**** RECORDED INFORMATION

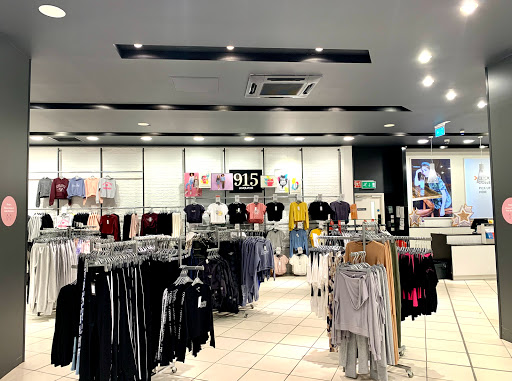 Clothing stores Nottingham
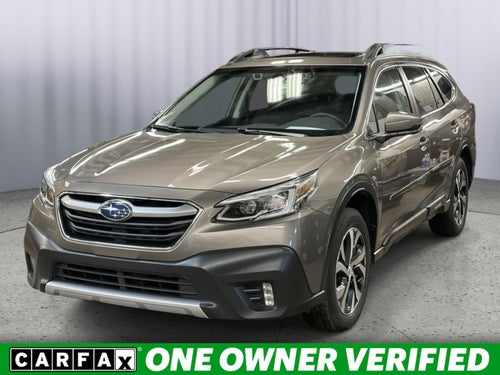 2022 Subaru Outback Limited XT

********
**** RECORDED INFORMATION

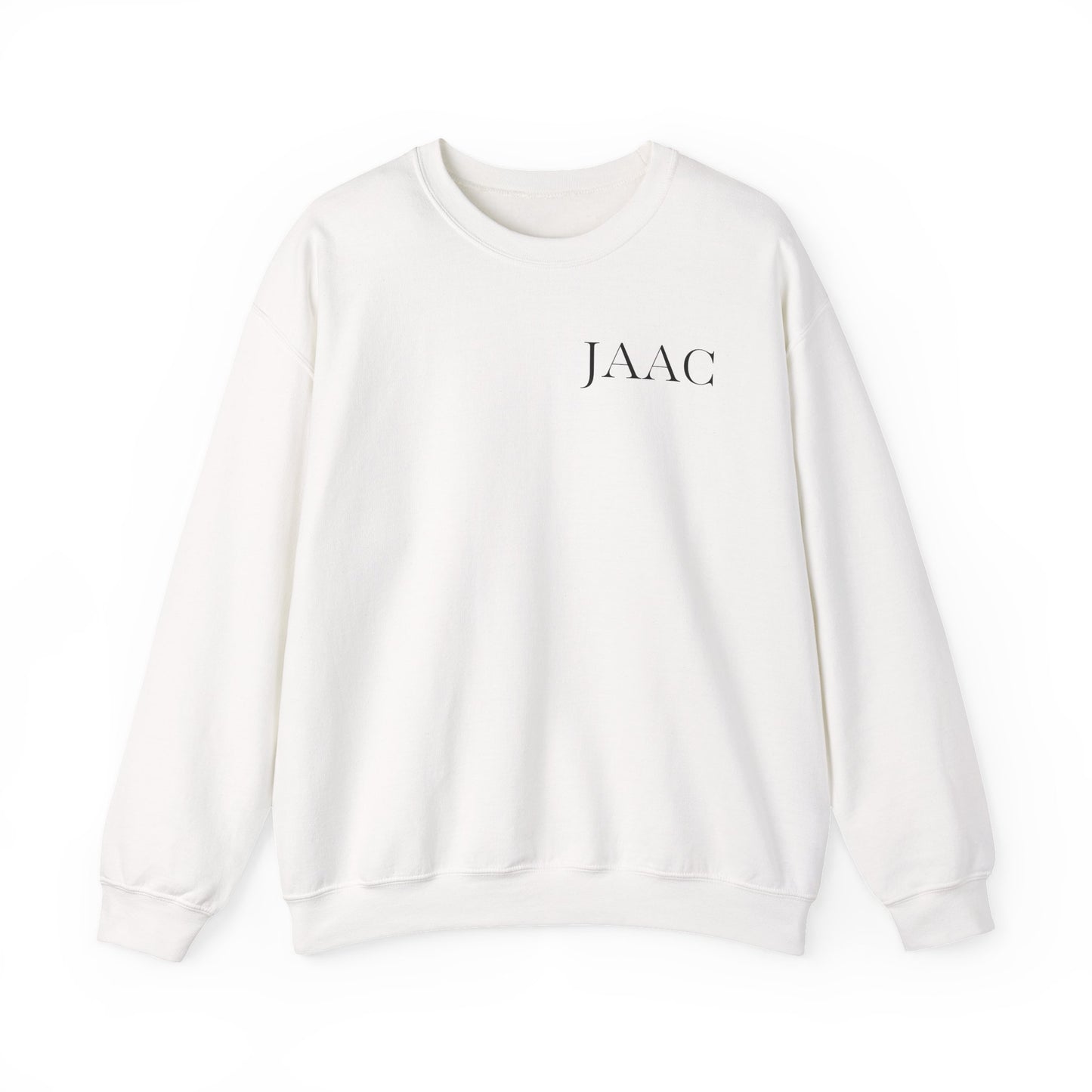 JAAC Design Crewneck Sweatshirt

********

TASK GOAL:
If a picture sits between the line containing "Clothing stores Nottingham" and the line containing "2022 Subaru Outback Limited XT", leave it out, and return the lines of that range above exactly, both ends included.

FINAL ANSWER:
 Clothing stores Nottingham
 2022 Subaru Outback Limited XT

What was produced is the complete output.